— Task requirements —
Could you give back every entry below exactly, with the pictures dropped?

** Opening Working data block **

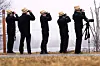 Five people in straw hats use binoculars and a scope to watch birds by a foggy reservoir.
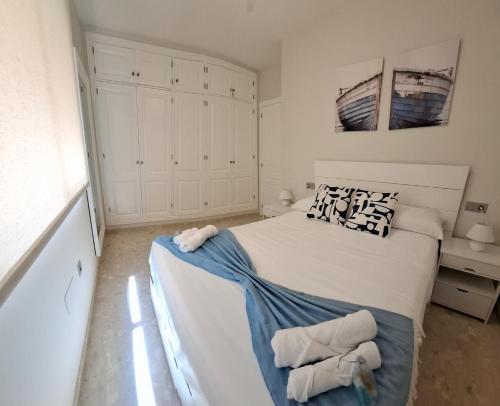 a bedroom with a large white bed with towels on it at Twin Beach in Torrenueva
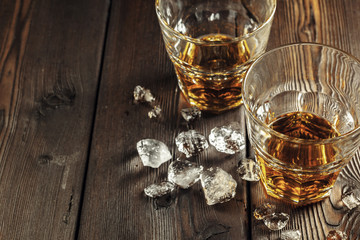 Whiskey and ice on rustic wood background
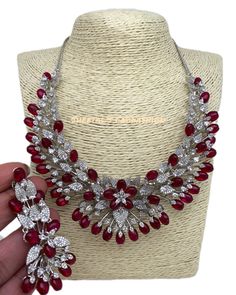 CZ Red Stone Silver Finish Neckline Short Necklace, Cubic Zirconia Necklace Earrings Length : 2.75 Inches Ruby Necklaces With Sparkling Stones For Party, Party Ruby Necklaces With Sparkling Stones, Party Ruby Necklace With Sparkling Stones, Red Diamond Jewelry With Sparkling Stones, Elegant Red Rhinestone Necklaces, Dazzling Red Necklaces With Sparkling Stones, Red Necklaces With Sparkling Stones For Formal Occasions, Red Cubic Zirconia Jewelry With Stones, Red Necklace With Sparkling Stones For Formal Occasions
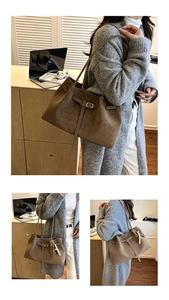 Detail of a brown faux suede tote bag featuring a pearl tassel charm and metal hardware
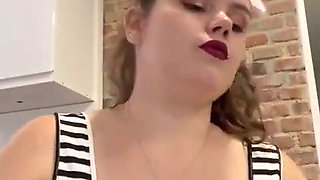 Smoking with red lipstick on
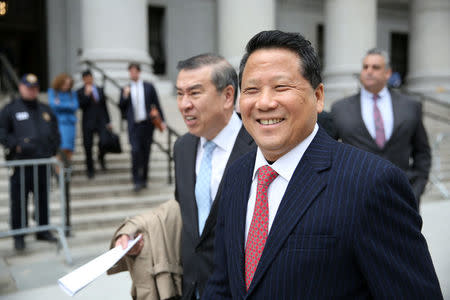 Macau billionaire real estate developer Ng Lap Seng (R), accused of bribing former United Nations General Assembly president John Ashe, exits the Manhattan U.S. District Courthouse in New York, U.S. April 7, 2017. REUTERS/Ashlee Espinal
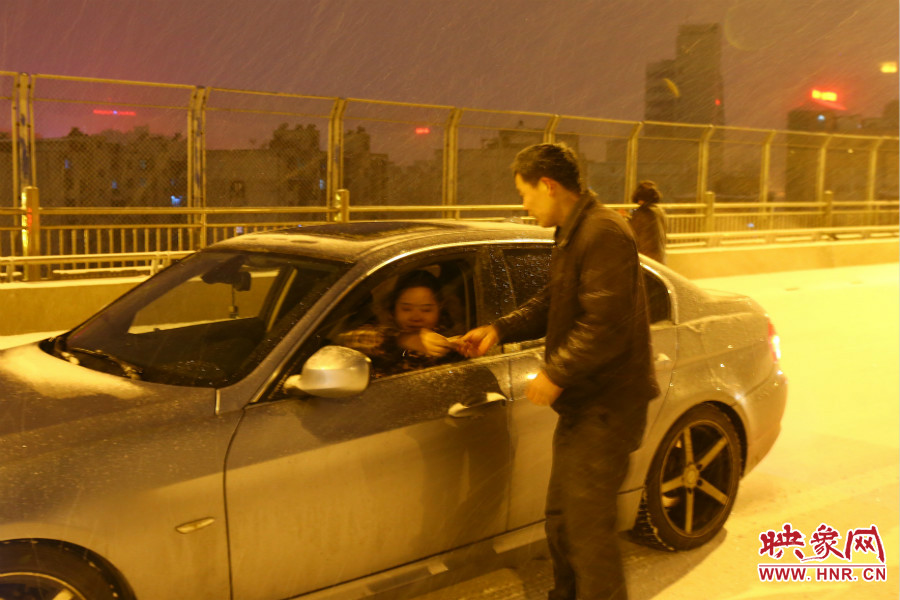 “推車人”幫助一輛車上坡后，收取“勞務(wù)費(fèi)”。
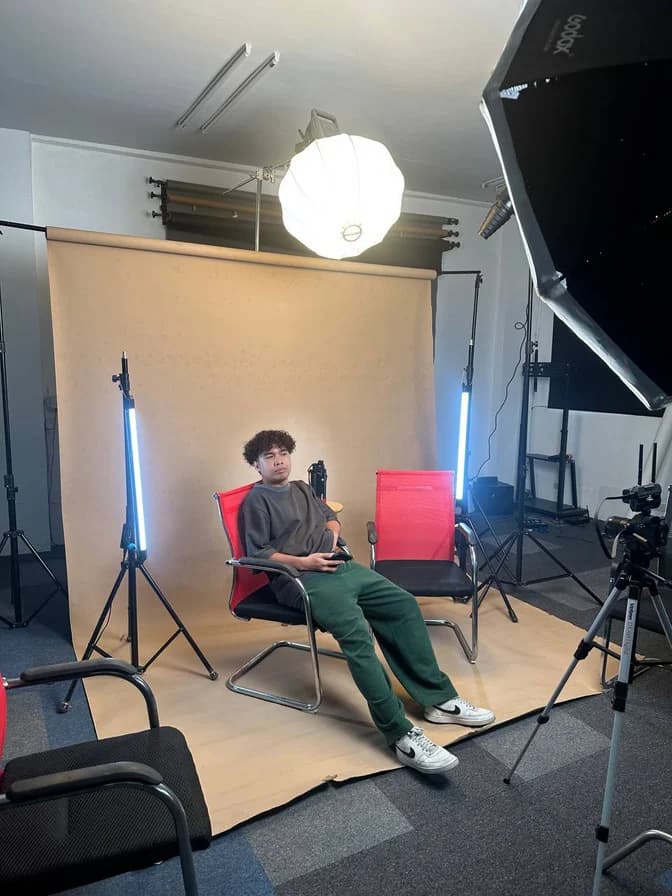 A portrait shoot with lighting and camera equipment at the Conex studio
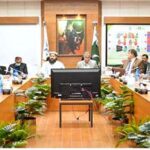 Special Representative to the Prime Minister for Religious Harmony & Islamic Countries and Chairman Pakistan Ullema Council, Hafiz Tahir Mahmood Ashrafi is being briefed while visiting National Emergency Operations Centre.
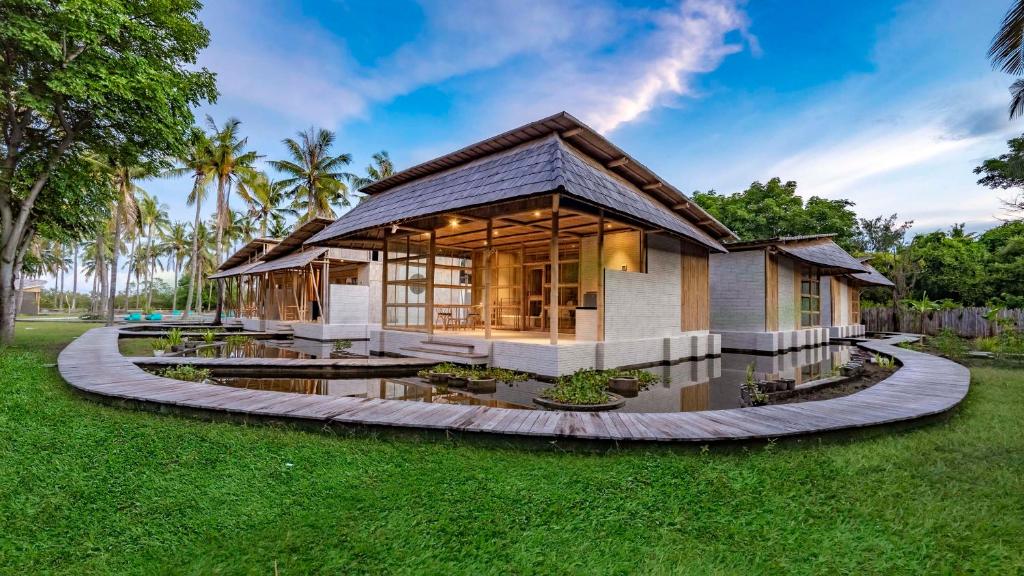 a house in the middle of a yard at Pravasa Gili Resort by KajaNe in Gili Meno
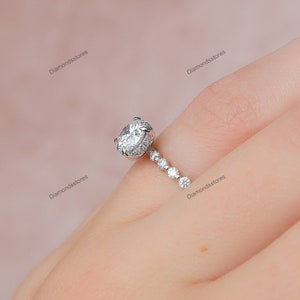 May include: A silver engagement ring with a large, oval-cut diamond center stone. The ring features a halo of smaller diamonds around the center stone and a delicate band with graduated diamonds. The ring is set on a finger.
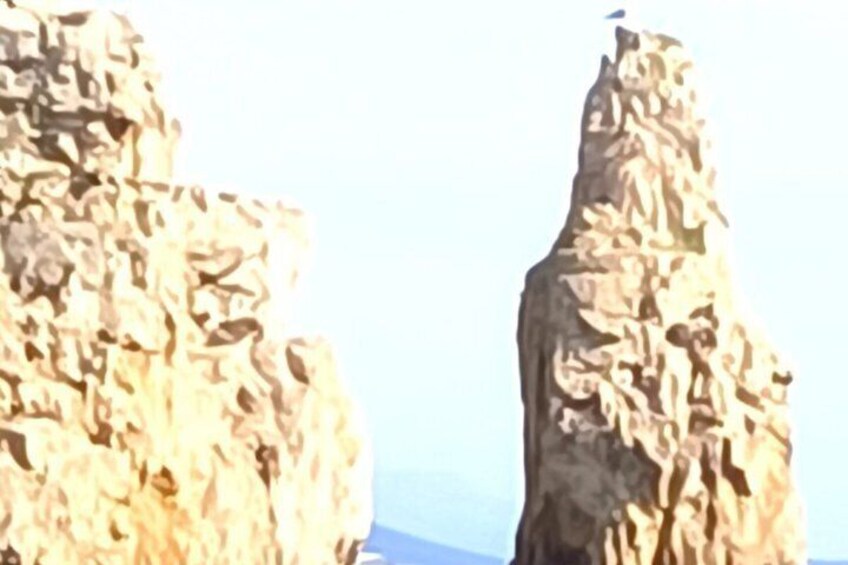 A rocky cliff with a bird perched on top. 3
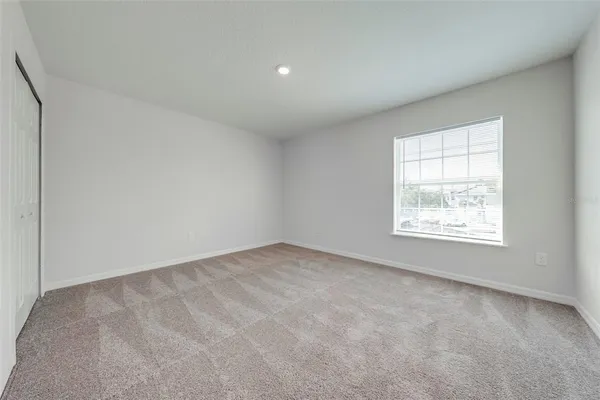an empty room with windows and closet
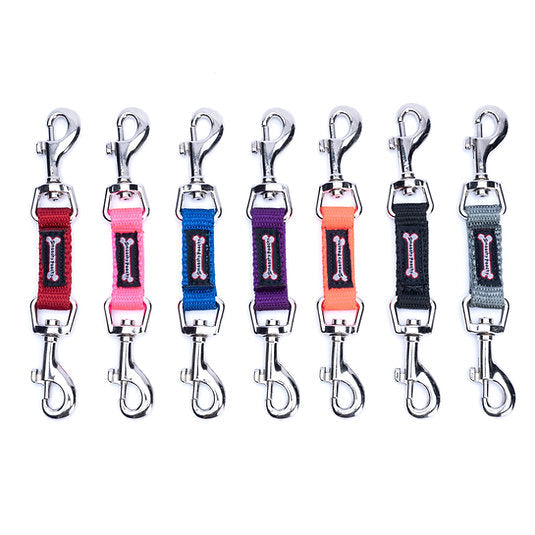 Seven fabric Smoochy Poochy Safety Tabs in various colors with metal clips on both ends, arranged in a row.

** Closing Working data block **

— Problem solution —
 Five people in straw hats use binoculars and a scope to watch birds by a foggy reservoir.
 a bedroom with a large white bed with towels on it at Twin Beach in Torrenueva
 Whiskey and ice on rustic wood background
 CZ Red Stone Silver Finish Neckline Short Necklace, Cubic Zirconia Necklace Earrings Length : 2.75 Inches Ruby Necklaces With Sparkling Stones For Party, Party Ruby Necklaces With Sparkling Stones, Party Ruby Necklace With Sparkling Stones, Red Diamond Jewelry With Sparkling Stones, Elegant Red Rhinestone Necklaces, Dazzling Red Necklaces With Sparkling Stones, Red Necklaces With Sparkling Stones For Formal Occasions, Red Cubic Zirconia Jewelry With Stones, Red Necklace With Sparkling Stones For Formal Occasions
 Detail of a brown faux suede tote bag featuring a pearl tassel charm and metal hardware
 Smoking with red lipstick on
 Macau billionaire real estate developer Ng Lap Seng (R), accused of bribing former United Nations General Assembly president John Ashe, exits the Manhattan U.S. District Courthouse in New York, U.S. April 7, 2017. REUTERS/Ashlee Espinal
 “推車人”幫助一輛車上坡后，收取“勞務(wù)費(fèi)”。
 A portrait shoot with lighting and camera equipment at the Conex studio
 Special Representative to the Prime Minister for Religious Harmony & Islamic Countries and Chairman Pakistan Ullema Council, Hafiz Tahir Mahmood Ashrafi is being briefed while visiting National Emergency Operations Centre.
 a house in the middle of a yard at Pravasa Gili Resort by KajaNe in Gili Meno
 May include: A silver engagement ring with a large, oval-cut diamond center stone. The ring features a halo of smaller diamonds around the center stone and a delicate band with graduated diamonds. The ring is set on a finger.
 A rocky cliff with a bird perched on top. 3
an empty room with windows and closet
 Seven fabric Smoochy Poochy Safety Tabs in various colors with metal clips on both ends, arranged in a row.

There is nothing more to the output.